Terkait bagaimana perhitungannya puasa 30 hari ditambah enam hari bisa jadi seolah puasa satu tahun, Ain menerangkan haditsnya. “Barangsiapa berpuasa Ramadhan, maka satu bulan itu dilipatgandakan menjadi sepuluh bulan. Dan puasa enam hari setelah Idul Fitri, itu menyempurnakan puasa satu tahun,” ungkapnya.
Jadi, enam hari dikali sepuluh menjadi 60 hari. Maka jika dijumlahkan menjadi 360 hari atau satu tahun. Perhitungannya, melakukan 1 amal shalih dibalas 10 kalinya. “Karena keutamaan tersebut banyak orang sangat berusaha melaksanakan, tapi hukumnya Sunnah,” tegasnya.
Bagaimana niat mengqadha puasa Syawal sekaligus membayar utang? Ain menegaskan tidak boleh dicampur niat antara puasa itu. “Karena puasa Syawal itu puasa sunnah tersendiri. Ada amal yang harus disendirikan, tidak boleh dicampur dengan yang lain,” tuturnya.
Seperti puasa Ramadhan yang jatuh pada hari Senin, tidak bisa mendapat amalan puasa Senin-Kamis. Tapi boleh kalau puasa sunnah dengan puasa sunnah. Misal puasa Syawal pada hari Senin dan Kamis, maka juga dapat pahalanya.
Ada pula ibadah wajib yang juga boleh diniatkan ibadah sunnah. Seperti mandi jenabat yang wajib pelaksanaannya usai haid, kebetulan di hari Jumat ketika mau shalat Jumat disunnahkan mandi besar, itu boleh mendapat pahala mandi wajib sebagai amalan wajib dan amalan yang menjadi syarat sebelum shalat Jumat.
Apakah puasa Syawal harus berturut-turut? Ain menegaskan tidak. Karena tidak ada dalil seperti di puasa kafarat yang wajib dilaksanakan dua bulan berturut-turut.

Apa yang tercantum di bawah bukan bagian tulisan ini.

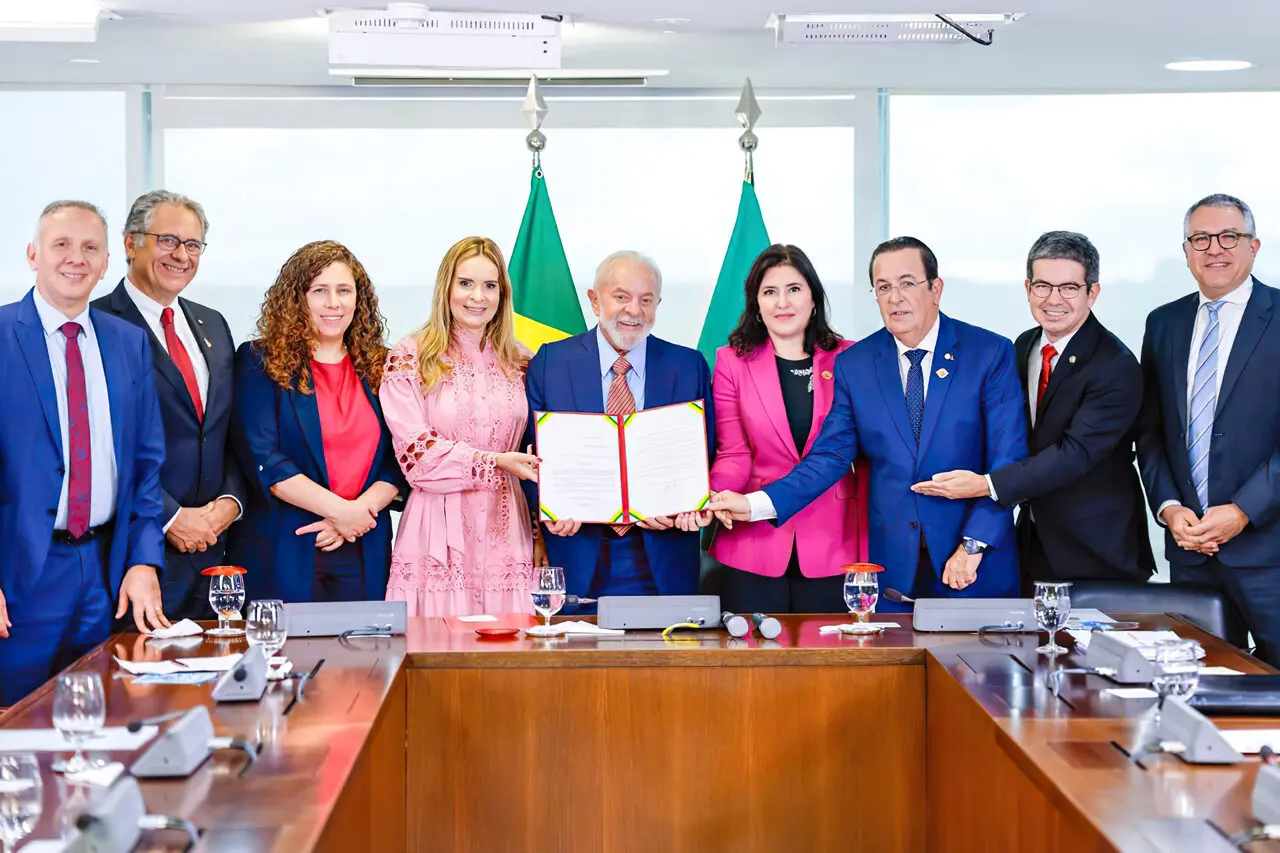 Imagem da notícia: Lula sanciona Orçamento de 2024 com previsão de R$ 5,5 trilhões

Kalau punya utang puasa, mana yang didahulukan? “Memang ada yang menyahur dulu, ada yang puasa Syawal dulu, ini menjadi perselisihan para ulama. Tidak ada kesepakatan yang saklek,” ungkapnya.

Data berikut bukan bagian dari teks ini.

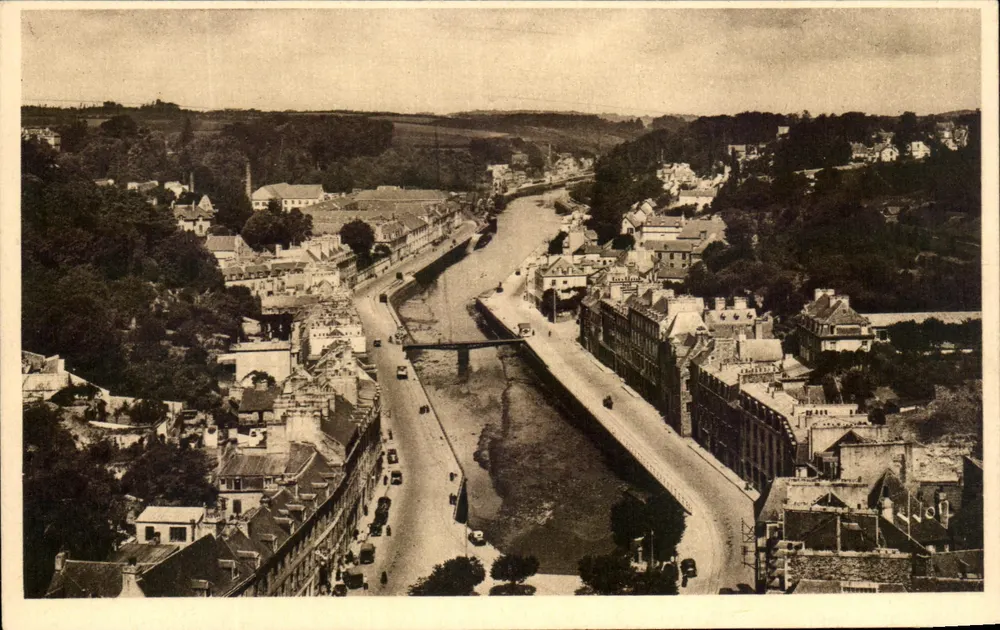 Morlaix (Finistère) — I moli visti dal viadotto — Edizioni d'Arte YvC N°16 - Recto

Sepahamannya, sebagian besar ulama condong mendahulukan menyahur utang dulu sebagai kewajiban. Tapi ada juga ulama yang membolehkan, mempertimbangkan bulan Syawal waktunya terbatas. “Insyaallah puasa Syawalnya sah. Itu hanya etika saja,” sambungnya.
Namun, kata Ain, ada juga ulama yang berpendapat boleh puasa Syawal karena sempitnya waktu Syawal. Sedangkan tidak ada dasar yang melarang membayar utang puasa di bulan-bulan yang lain sampai sebelum Ramadhan berikutnya.
Qadha Puasa Harus di Bulan Syawal?
Ain menerangkan, ini ada dua pendapat. Pertama, pada dasarnya, kalau ada perintah Allah itu tidak mengharuskan segera melakukan. Misal, perintah haji yang wajib, tapi tidak harus segera jika belum punya dana.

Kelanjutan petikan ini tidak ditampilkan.